1.1.20  Office of Professional Responsibility (OPR)

Manual Transmittal

July 12, 2012

Purpose

(1) This transmits revised IRM 1.1.20, Organization and Staffing, Office of Professional Responsibility.

Material Changes

(1) This section contains the responsibilities of the Office of Professional Responsibility (OPR). OPR completed a significant organizational and operational structure change effective February 13, 2012, resulting in the following changes:

  1. Two branches report to Deputy Director (Legal Analysis Branch (LAB) (1.1.20.2.1), and Operations & Management Branch (O&M) (1.1.20.2.1.1))

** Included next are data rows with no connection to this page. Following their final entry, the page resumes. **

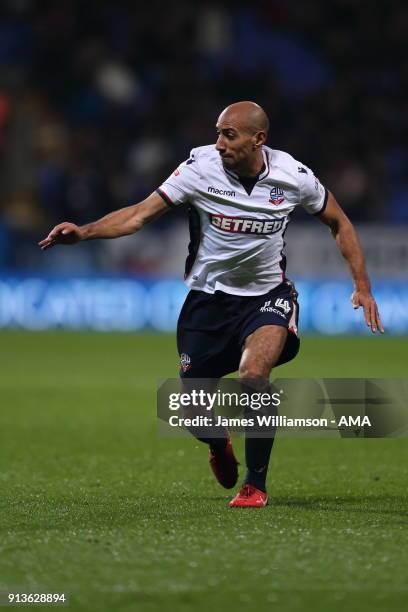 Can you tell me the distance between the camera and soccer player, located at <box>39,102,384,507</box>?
6.51m

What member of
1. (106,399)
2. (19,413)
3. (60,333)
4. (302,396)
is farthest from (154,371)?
(302,396)

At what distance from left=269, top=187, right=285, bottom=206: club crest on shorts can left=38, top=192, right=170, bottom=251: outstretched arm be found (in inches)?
21.9

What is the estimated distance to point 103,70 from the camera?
850 inches

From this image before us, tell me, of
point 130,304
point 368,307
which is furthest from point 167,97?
point 368,307

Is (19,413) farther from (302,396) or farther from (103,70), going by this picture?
(103,70)

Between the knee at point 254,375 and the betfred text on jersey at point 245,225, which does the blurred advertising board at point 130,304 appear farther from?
the knee at point 254,375

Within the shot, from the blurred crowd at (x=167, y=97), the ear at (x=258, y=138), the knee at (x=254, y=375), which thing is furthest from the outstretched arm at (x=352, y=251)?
the blurred crowd at (x=167, y=97)

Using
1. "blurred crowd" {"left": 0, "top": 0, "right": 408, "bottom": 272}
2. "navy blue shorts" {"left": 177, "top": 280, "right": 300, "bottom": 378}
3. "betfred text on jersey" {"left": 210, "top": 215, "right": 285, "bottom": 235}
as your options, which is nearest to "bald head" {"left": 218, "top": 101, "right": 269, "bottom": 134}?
"betfred text on jersey" {"left": 210, "top": 215, "right": 285, "bottom": 235}

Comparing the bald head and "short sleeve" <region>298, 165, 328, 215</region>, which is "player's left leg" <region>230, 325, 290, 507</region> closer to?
"short sleeve" <region>298, 165, 328, 215</region>

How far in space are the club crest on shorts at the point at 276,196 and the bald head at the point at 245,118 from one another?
0.33 meters

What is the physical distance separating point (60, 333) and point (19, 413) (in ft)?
25.9

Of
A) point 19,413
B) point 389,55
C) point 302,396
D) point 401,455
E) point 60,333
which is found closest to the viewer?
point 302,396

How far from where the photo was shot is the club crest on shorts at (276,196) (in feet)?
21.9

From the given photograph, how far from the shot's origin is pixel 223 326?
6.77 m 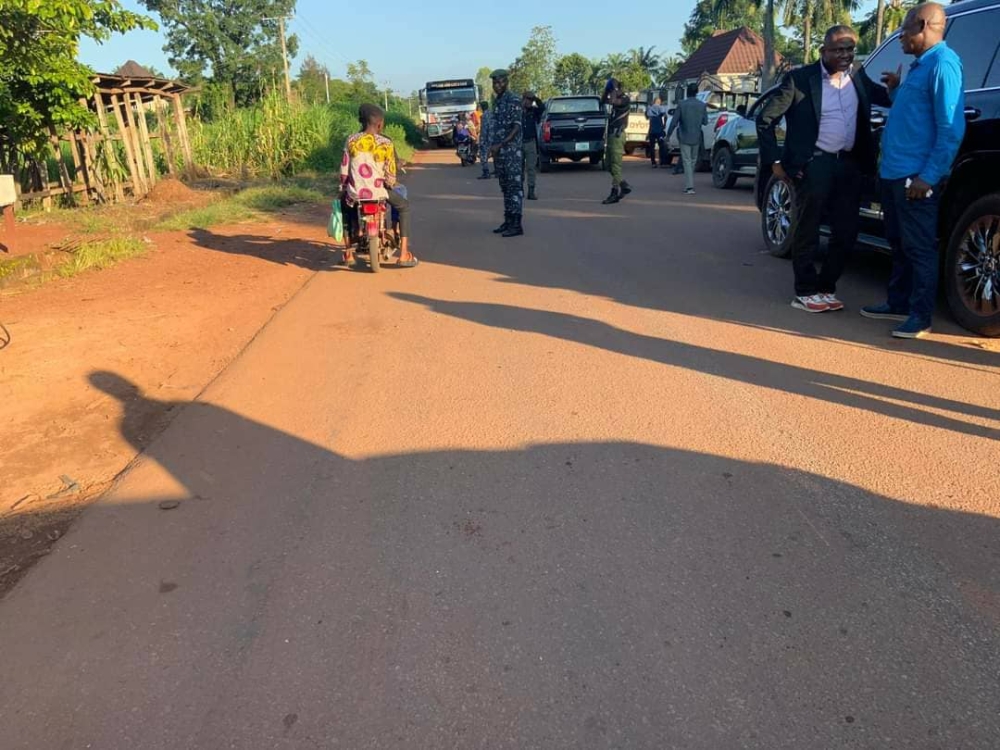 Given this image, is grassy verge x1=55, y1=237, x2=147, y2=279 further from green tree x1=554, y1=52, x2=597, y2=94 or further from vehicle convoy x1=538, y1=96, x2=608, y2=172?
green tree x1=554, y1=52, x2=597, y2=94

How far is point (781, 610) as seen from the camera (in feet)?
9.02

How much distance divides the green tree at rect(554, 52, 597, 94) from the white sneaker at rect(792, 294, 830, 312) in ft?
218

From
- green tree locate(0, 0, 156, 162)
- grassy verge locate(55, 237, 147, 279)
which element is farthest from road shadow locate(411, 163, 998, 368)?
green tree locate(0, 0, 156, 162)

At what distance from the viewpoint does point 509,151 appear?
34.3ft

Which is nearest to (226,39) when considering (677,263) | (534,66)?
(534,66)

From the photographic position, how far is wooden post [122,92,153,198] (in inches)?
652

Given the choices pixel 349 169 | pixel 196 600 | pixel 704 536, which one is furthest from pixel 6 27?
pixel 704 536

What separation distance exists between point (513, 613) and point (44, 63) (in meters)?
12.2

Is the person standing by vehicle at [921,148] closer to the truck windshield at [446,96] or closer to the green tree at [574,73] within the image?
the truck windshield at [446,96]

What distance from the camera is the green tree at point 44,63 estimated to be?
938cm

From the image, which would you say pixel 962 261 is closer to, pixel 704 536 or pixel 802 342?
pixel 802 342

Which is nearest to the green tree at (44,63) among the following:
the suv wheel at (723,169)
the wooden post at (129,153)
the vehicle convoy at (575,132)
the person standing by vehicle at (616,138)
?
the wooden post at (129,153)

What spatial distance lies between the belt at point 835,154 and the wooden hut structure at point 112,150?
530 inches

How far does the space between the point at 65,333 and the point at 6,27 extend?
565cm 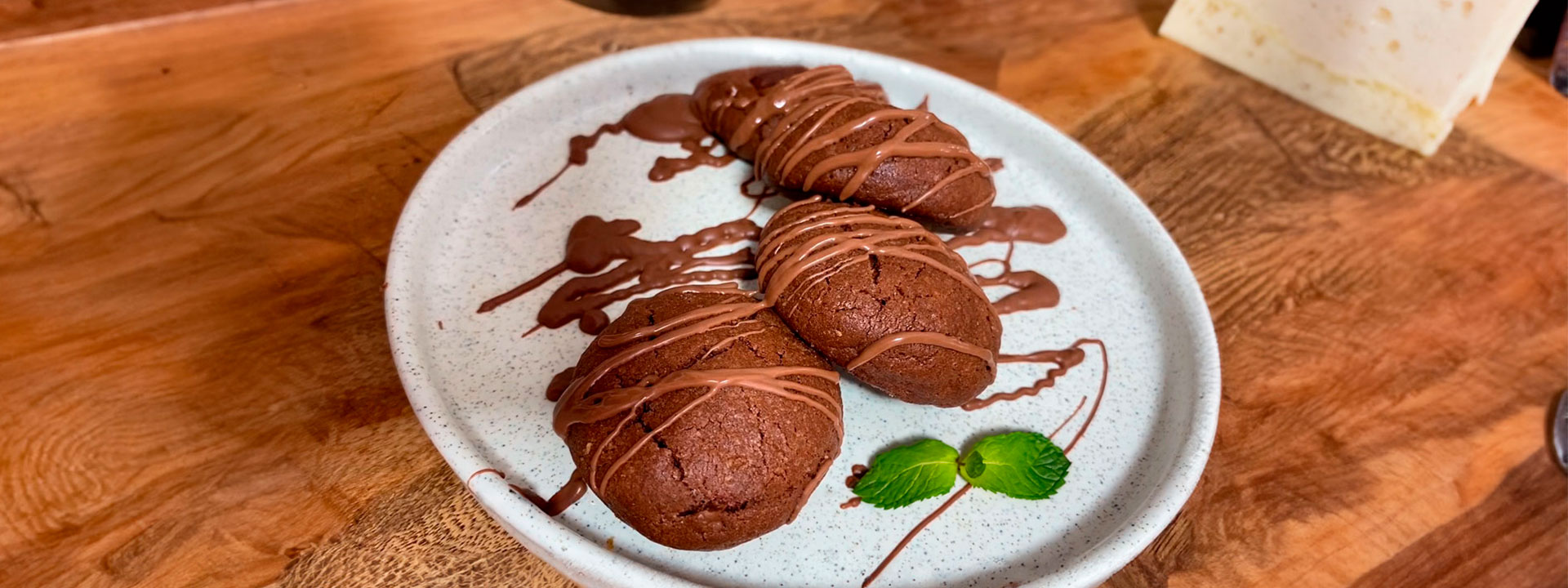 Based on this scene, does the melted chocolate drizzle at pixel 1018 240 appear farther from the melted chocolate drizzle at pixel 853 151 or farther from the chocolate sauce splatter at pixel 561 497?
the chocolate sauce splatter at pixel 561 497

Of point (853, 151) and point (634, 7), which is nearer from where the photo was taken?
point (853, 151)

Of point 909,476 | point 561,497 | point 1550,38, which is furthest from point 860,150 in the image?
point 1550,38

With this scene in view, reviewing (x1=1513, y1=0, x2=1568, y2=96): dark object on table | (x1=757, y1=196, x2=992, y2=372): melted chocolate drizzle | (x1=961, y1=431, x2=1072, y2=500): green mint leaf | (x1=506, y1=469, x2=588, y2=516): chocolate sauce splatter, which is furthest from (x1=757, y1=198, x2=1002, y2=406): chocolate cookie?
(x1=1513, y1=0, x2=1568, y2=96): dark object on table

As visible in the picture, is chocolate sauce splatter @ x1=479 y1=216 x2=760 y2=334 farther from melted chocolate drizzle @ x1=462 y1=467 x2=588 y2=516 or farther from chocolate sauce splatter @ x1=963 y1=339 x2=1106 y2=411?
chocolate sauce splatter @ x1=963 y1=339 x2=1106 y2=411

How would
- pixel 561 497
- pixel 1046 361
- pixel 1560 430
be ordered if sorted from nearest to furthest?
pixel 561 497
pixel 1046 361
pixel 1560 430

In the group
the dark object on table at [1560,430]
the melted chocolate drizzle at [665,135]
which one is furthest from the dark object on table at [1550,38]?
the melted chocolate drizzle at [665,135]

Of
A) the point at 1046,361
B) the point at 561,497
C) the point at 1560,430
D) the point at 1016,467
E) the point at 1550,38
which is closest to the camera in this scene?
the point at 561,497

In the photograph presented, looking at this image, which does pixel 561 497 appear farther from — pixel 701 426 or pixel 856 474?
pixel 856 474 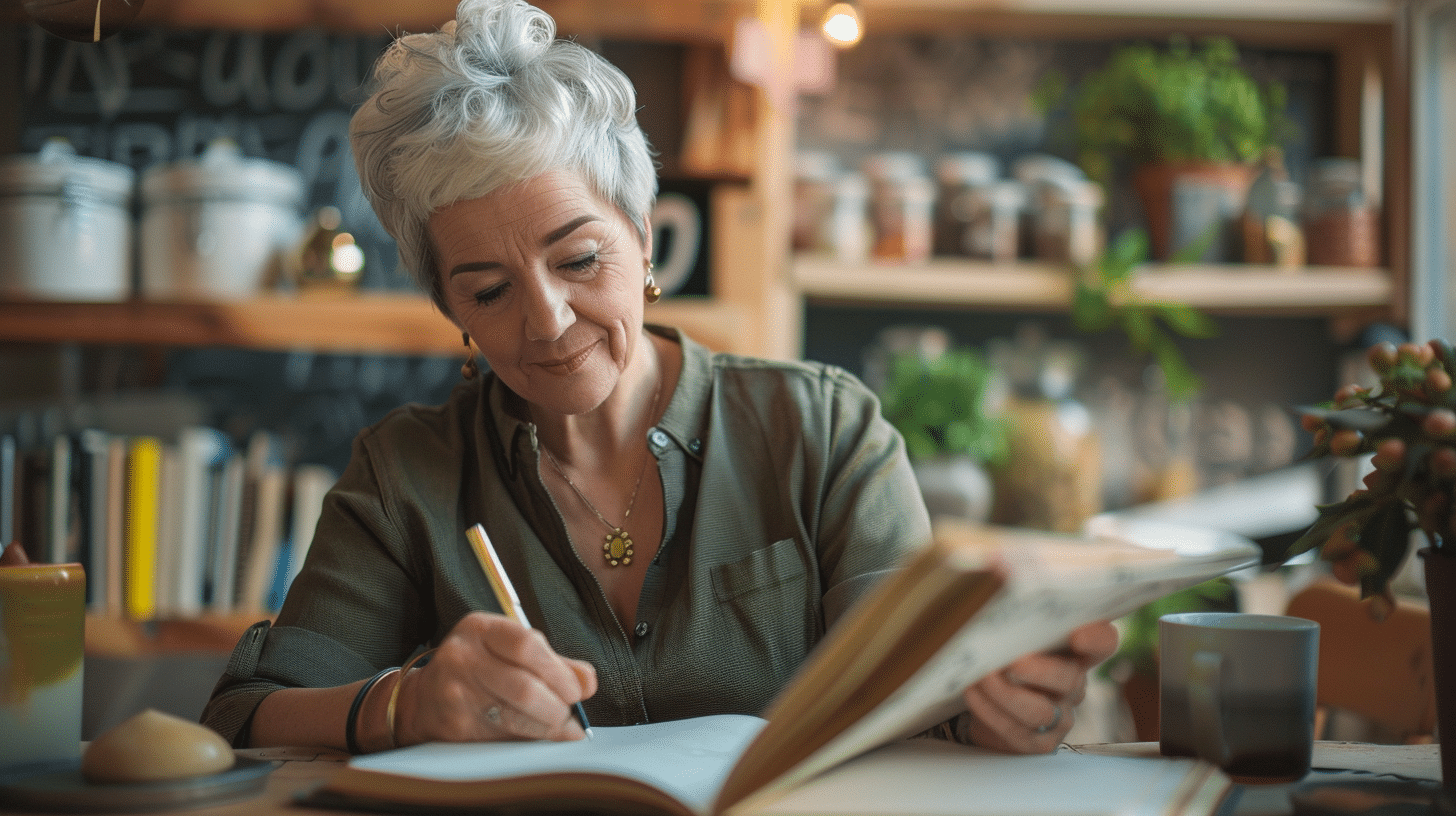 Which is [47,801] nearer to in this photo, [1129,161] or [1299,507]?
[1129,161]

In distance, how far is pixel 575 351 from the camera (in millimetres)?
963

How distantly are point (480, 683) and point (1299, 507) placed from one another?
1.99 metres

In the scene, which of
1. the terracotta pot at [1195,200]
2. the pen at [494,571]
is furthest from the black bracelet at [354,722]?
the terracotta pot at [1195,200]

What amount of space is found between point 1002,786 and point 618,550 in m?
0.53

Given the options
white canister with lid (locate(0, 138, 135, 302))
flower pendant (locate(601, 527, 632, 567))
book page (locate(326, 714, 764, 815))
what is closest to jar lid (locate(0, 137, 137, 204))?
white canister with lid (locate(0, 138, 135, 302))

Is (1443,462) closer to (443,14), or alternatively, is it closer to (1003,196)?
(1003,196)

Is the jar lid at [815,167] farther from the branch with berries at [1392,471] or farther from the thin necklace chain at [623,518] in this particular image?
the branch with berries at [1392,471]

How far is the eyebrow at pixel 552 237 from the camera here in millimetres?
937

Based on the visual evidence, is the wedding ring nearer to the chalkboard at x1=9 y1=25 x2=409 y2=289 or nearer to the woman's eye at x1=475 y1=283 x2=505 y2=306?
the woman's eye at x1=475 y1=283 x2=505 y2=306

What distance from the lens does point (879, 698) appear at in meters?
0.53

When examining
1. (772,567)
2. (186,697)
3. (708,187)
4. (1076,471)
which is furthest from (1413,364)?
(186,697)

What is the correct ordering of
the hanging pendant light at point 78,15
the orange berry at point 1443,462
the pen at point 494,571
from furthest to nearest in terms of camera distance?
1. the hanging pendant light at point 78,15
2. the pen at point 494,571
3. the orange berry at point 1443,462

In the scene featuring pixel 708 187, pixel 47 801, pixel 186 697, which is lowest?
pixel 186 697

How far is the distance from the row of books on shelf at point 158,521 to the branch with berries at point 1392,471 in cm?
157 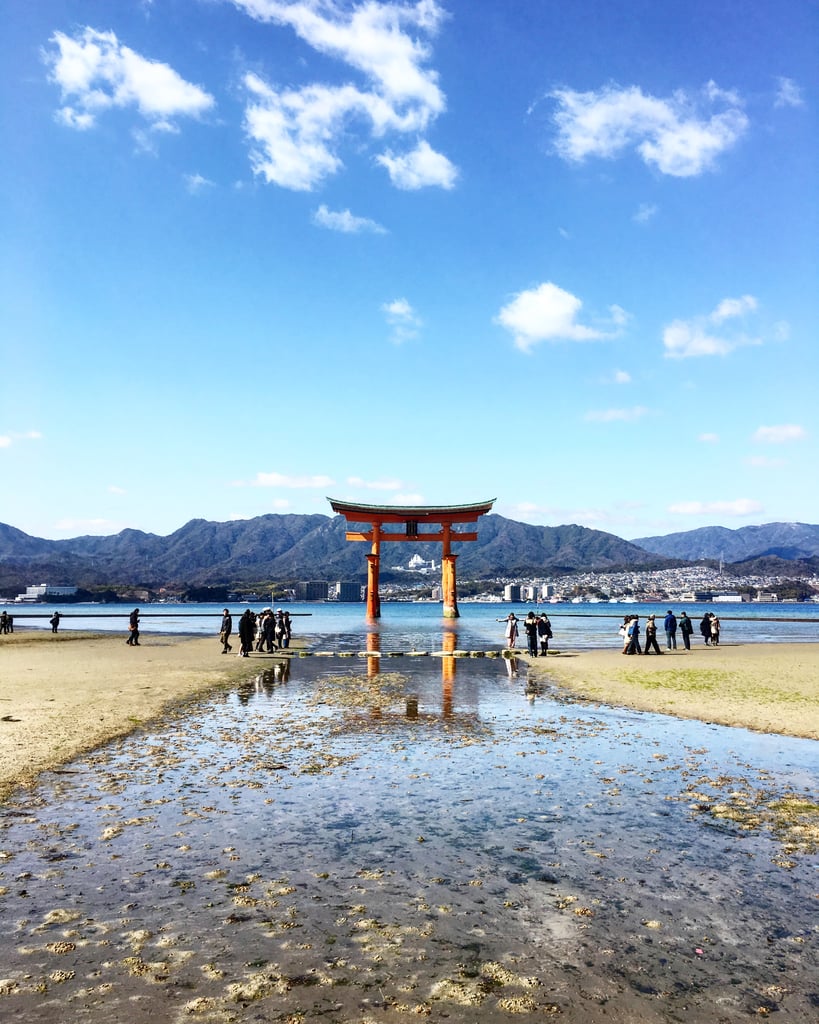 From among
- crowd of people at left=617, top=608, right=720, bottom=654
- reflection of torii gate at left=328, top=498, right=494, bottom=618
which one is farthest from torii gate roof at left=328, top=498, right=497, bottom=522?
crowd of people at left=617, top=608, right=720, bottom=654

  2. With the stand-up of the Return Preparer Office (RPO), OPR no longer oversees the programs for Enrolled Agents, Continuing Education (CE) Sponsorship, and Enrolled Actuaries

  3. Incorporates Treasury Circular 230 updates.

Effect on Other Documents

IRM 1.1.20, dated June 1, 2007, is superseded

Audience

All Divisions and Functions

Effective Date

(07-12-2012)

Karen L. Hawkins
Director, Office of Professional Responsibility

1.1.20.1  (07-12-2012)
Introduction to the Office of Professional Responsibility (OPR)

  1. The Office of Professional Responsibility (OPR) is responsible for all matters related to practitioner conduct, discipline and practice before the Internal Revenue Service (IRS) under 31 CFR part 10 (Circular 230). In carrying out this responsibility, the OPR administers the laws and regulations governing the practice of tax professionals and other individuals who interact with the tax administration system, including, but not limited to, attorneys, certified public accounts, enrolled agents, enrolled actuaries, enrolled retirement plan agents, and registered tax return preparers, and appraisers who provide opinions supporting valuations contained in documents submitted to the Internal Revenue Service.

  2. The OPR:

    1. Receives, reviews and investigates evidence of alleged misconduct by tax professionals and others who interact with the tax administration system.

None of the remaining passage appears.